Even staff can be affected by scam emails

El Camino College scam emails have continued to be sent to students this semester, but you never think about it happening to a staff member, or a member of your family, for that matter.

I am in a unique position where my mom attends the same community college as me, not as a student, but as an employee.

Although we don’t deal with similar activities on a regular basis, one thing we’re both vulnerable to are the scares and paranoia that comes with email scams.

My mom, Araceli Broadhead, who is the clerical assistant to El Camino’s vice president of academic affairs, was having a conversation with me about how I became embarrassed about a personal event that recently happened to me.

Rather than dive deeper into what happened, she decided to share something embarrassing that just happened to her; she told me she had become a victim of an email scam.

Although I was compassionate about the event, my mind began to worry about the possible consequences that could happen in the future. But, my mom said not to worry and began to explain what had occurred.

She told me how she was checking emails in the other room to see if she needed to report or forward any information to her boss, Jean Shankweiler.

That’s when she stumbled across an email that was requesting her personal phone number. Interestingly, Jean Shankweiler’s name was typed up perfectly at the bottom, just like any other professional email.

It was then she told me that she didn’t think much of the email, saw her boss’s name and thought she had to respond immediately with the information it was asking.

However, what my mom didn’t know was that she had just been a victim of a phishing scam.
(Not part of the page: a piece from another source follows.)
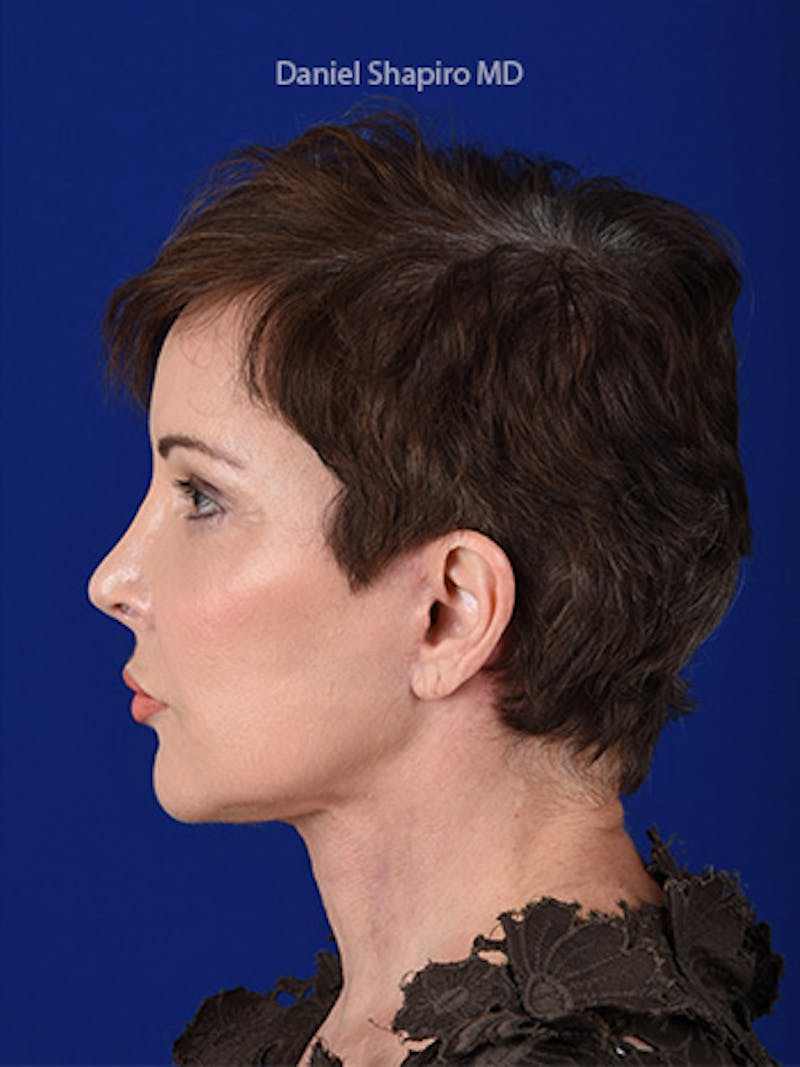 Facelift Before & After Gallery - Patient 10669898 - Image 6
Phishing scams have always been a part of my ECC experience. Although the ones I have encountered have been clear to me that they are fake and shouldn’t be answered, the email my mom described was something I had never experienced before.

This one seemed to be more targeted, a wanting of information, something that can give the hacker an idea of who the person is and what they can do with their information.

According to a recent El Camino article on email scams, Information Security Specialist Paul Yoder brought up three types of typical email attacks that can occur by email, one of them being Pure Phishing, in which a scammer asks individuals they email for personal information, like a phone number.

After sending an email response, my mom continued to look through her emails.

That was until she got a suspicious text message on her phone.

Demands began to be sent to her phone, asking her to go to the store and fulfill their requests, but to no avail. My mom closed the text messages and began questioning what had just happened.

She began looking into where the phone number area code originated from, and after doing a quick Google search, found out it was from Northern California.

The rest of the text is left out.